Par ailleurs, l'article 1626 du code civil prévoit que 'quoique lors de la vente il n'ait été fait aucune stipulation sur la garantie, le vendeur est obligé de droit à garantir l'acquéreur de l'éviction qu'il souffre dans la totalité ou partie de l'objet vendu, ou des charges prétendues sur cet objet, et non déclarées lors de la vente'.
Le seul fait qu'au plan fiscal, la cession de CEE relève de la catégorie des prestations de services ne s'impose pas à la juridiction civile, la position de l'administration fiscale sur l'appréciation d'une situation au regard d'un texte fiscal, qui ne vaut que dans les rapports entre l'intéressé et cette administration, est sans incidence sur l'analyse par le juge, selon les règles du droit civil, des obligations résultant des conventions conclues entre les parties.

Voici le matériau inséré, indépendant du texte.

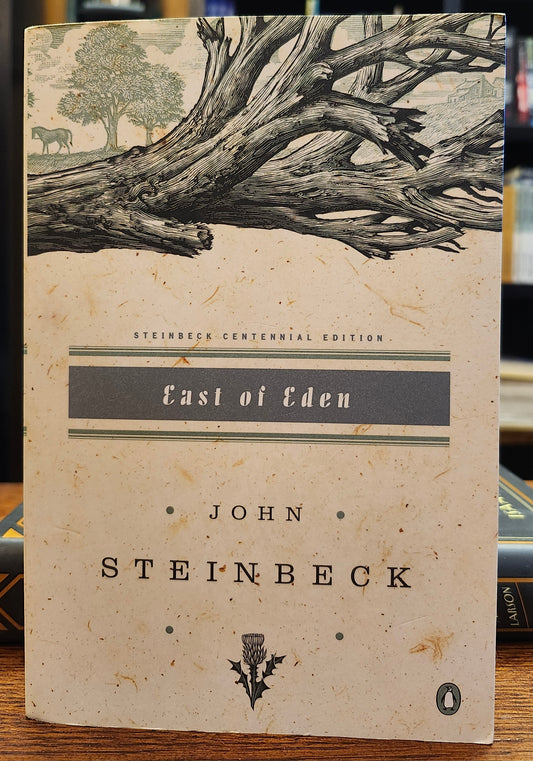 "East of Eden" by John Steinbeck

Si l'article 1640 du code civil prévoit que 'la garantie pour cause d'éviction cesse lorsque l'acquéreur s'est laissé condamné par un jugement en dernier ressort, ou dont l'appel n'est plus recevable, sans appeler son vendeur, si celui-ci prouve qu'il existait des moyens suffisants pour faire rejeter sa demande', les conditions de son application au cas d'espèce ne sont pas réunies, la décision du Ministère n'étant pas un jugement.

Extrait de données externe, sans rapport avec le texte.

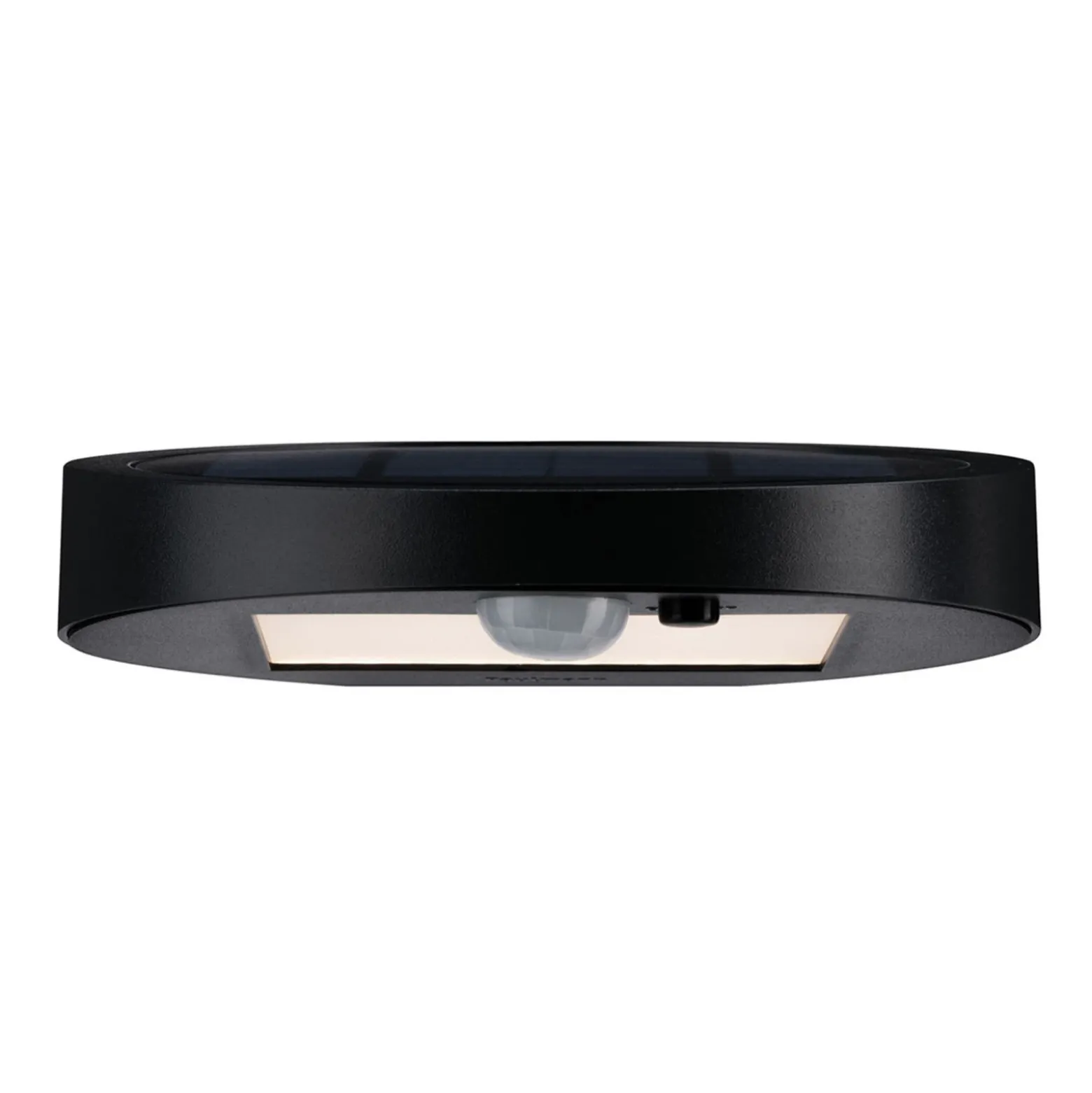 Aplique LED solar para exterior Paulmann Ryse, antracita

De plus, la société Sonergia ne peut, pour écarter l'engagement de sa garantie, reprocher à la société AOT d'avoir fait le choix de ne pas critiquer la décision du Ministère et de s'être ainsi volontairement 'laissée condamner ', tout en indiquant que la société AOT dispose de la faculté d'engager un recours devant la société Powernext -qui gère le registre 'EMMY' des CEE-, ce qui écarte aussi les conditions d'application de l'article 1640, puisque la décision de 'condamnation' serait toujours contestable.

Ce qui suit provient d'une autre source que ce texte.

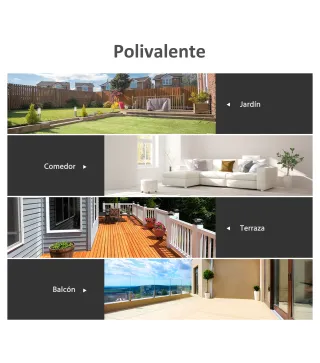 Mesa Auxiliar de Cristal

La société Sonergia ne peut pas davantage prendre argument du fait que la décision ministérielle ne serait pas une 'invalidation' comme visé par le contrat, mais un 'retrait', puisqu'il ressort du courrier du Ministère du 28 juin 2018 que le ' retrait de la décision de délivrance des CEE... a pour conséquence sa disparition juridique pour l'avenir comme pour le passé, ainsi que de ses effets pour le bénéficiaire des droits et les tiers ', de sorte que ce 'retrait' correspond bien à la décision d'invalidation des CEE telle que visée par le contrat.
Il s'ensuit que la société Sonergia s'étant engagée à garantir contractuellement la société AOT, sa garantie est engagée du fait de la décision ministérielle de retrait, et qu'elle ne peut faire état de l'irrégularité alléguée de la décision ministérielle, comme reprocher à la société AOT de n'avoir pas contesté cette décision, pour échapper à l'engagement de sa garantie.
Il convient par conséquent de confirmer le jugement sur ce point.
Sur les autres demandes
Les condamnations prononcées en 1ère instance au paiement des dépens et frais irrépétibles seront confirmées.
Succombant au principal, la société Sonergia sera condamnée au paiement des dépens d'appel, ainsi qu'au versement d'une somme de 3.000 € en application de l'article 700 du code de procédure civile.
PAR CES MOTIFS
Statuant par décision contradictoire,
Confirme le jugement en toutes ses dispositions,
Déboute les parties de leurs autres demandes,
Condamne la société Sonergia à verser à la société AOT Energy France la somme de 3.000 € au titre de l'article 700 du code de procédure civile au titre des frais liés à la procédure d'appel,
Condamne la société Sonergia aux entiers dépens.